▸ **What needs to be done**:
Restate exactly the lines that run from the start of the records below to the line containing "MINI COUNTRYMAN 1.5", counting both ends, and nothing else; pictures stay out.

▸ **Records excerpted from a collection**:
>>>

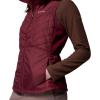 imageColumbia Womens Mix It Around Vest IIIRich Wine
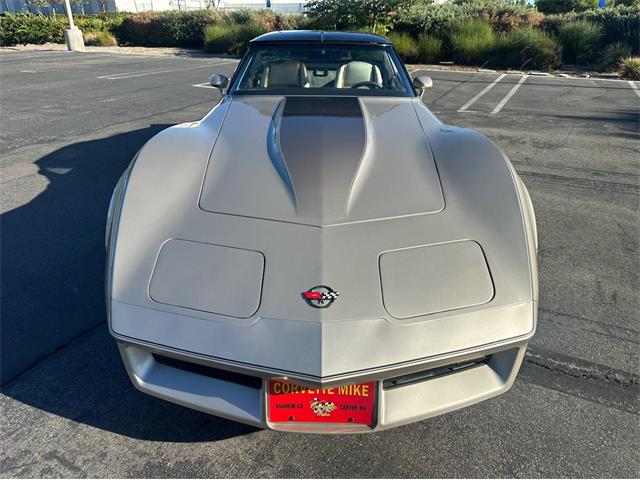 1982 Chevrolet Corvette (CC-2019704) for sale in Anaheim, California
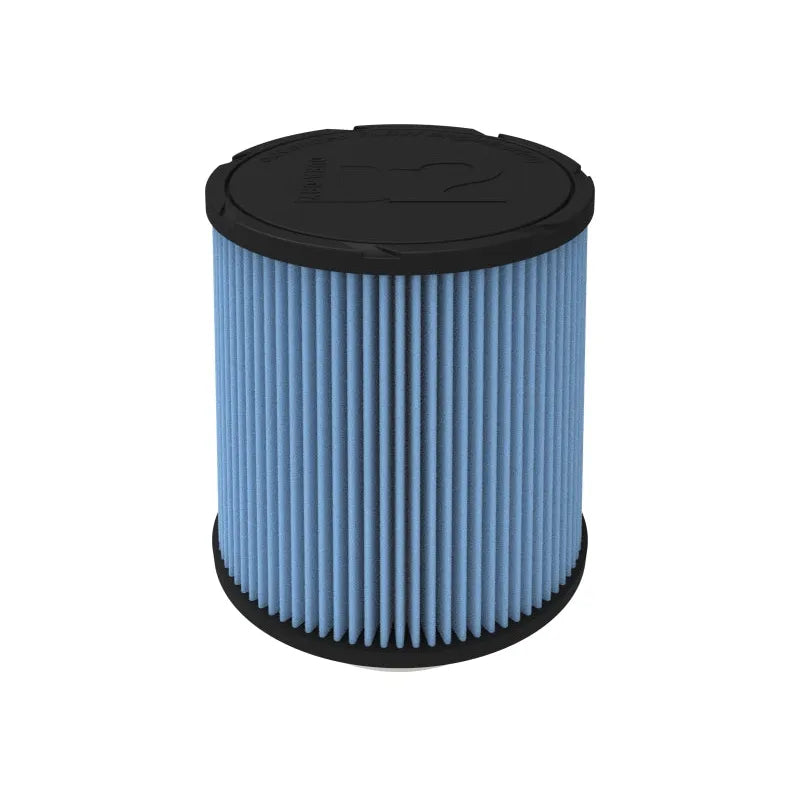 aFe Magnum FORCE Intake Replacement Air Filter w D2 Dura-Dry Media 3-7/8in F x8in B x7in T x8in H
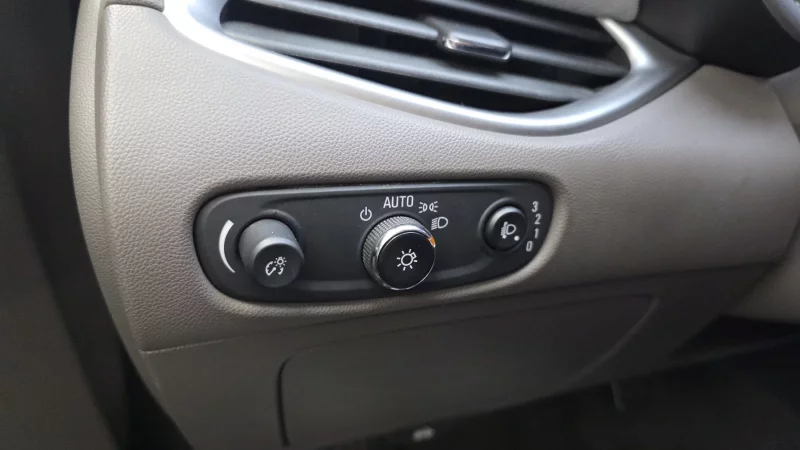 Daewoo Malibu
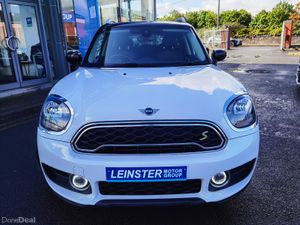 MINI COUNTRYMAN 1.5 EXCLUSIVE ALL4 AUTOMATIC PHEV - Image 2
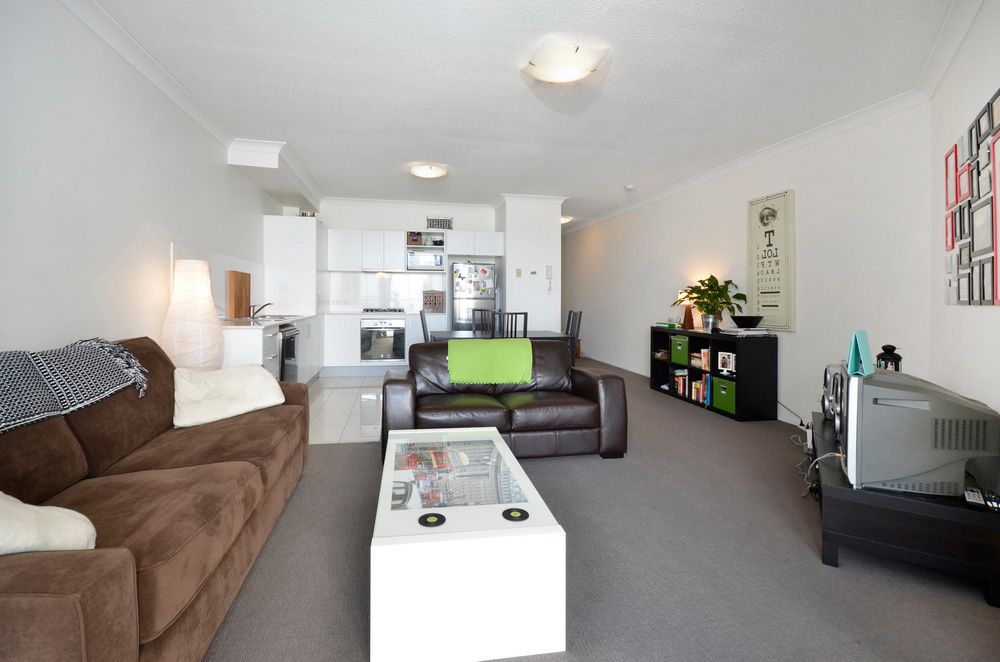 59 Robertson Street, FORTITUDE VALLEY, QLD 4006
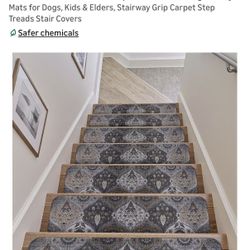 Stair Treads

<<<

▸ **Reply to the task**:
 imageColumbia Womens Mix It Around Vest IIIRich Wine
 1982 Chevrolet Corvette (CC-2019704) for sale in Anaheim, California
 aFe Magnum FORCE Intake Replacement Air Filter w D2 Dura-Dry Media 3-7/8in F x8in B x7in T x8in H
 Daewoo Malibu
 MINI COUNTRYMAN 1.5 EXCLUSIVE ALL4 AUTOMATIC PHEV - Image 2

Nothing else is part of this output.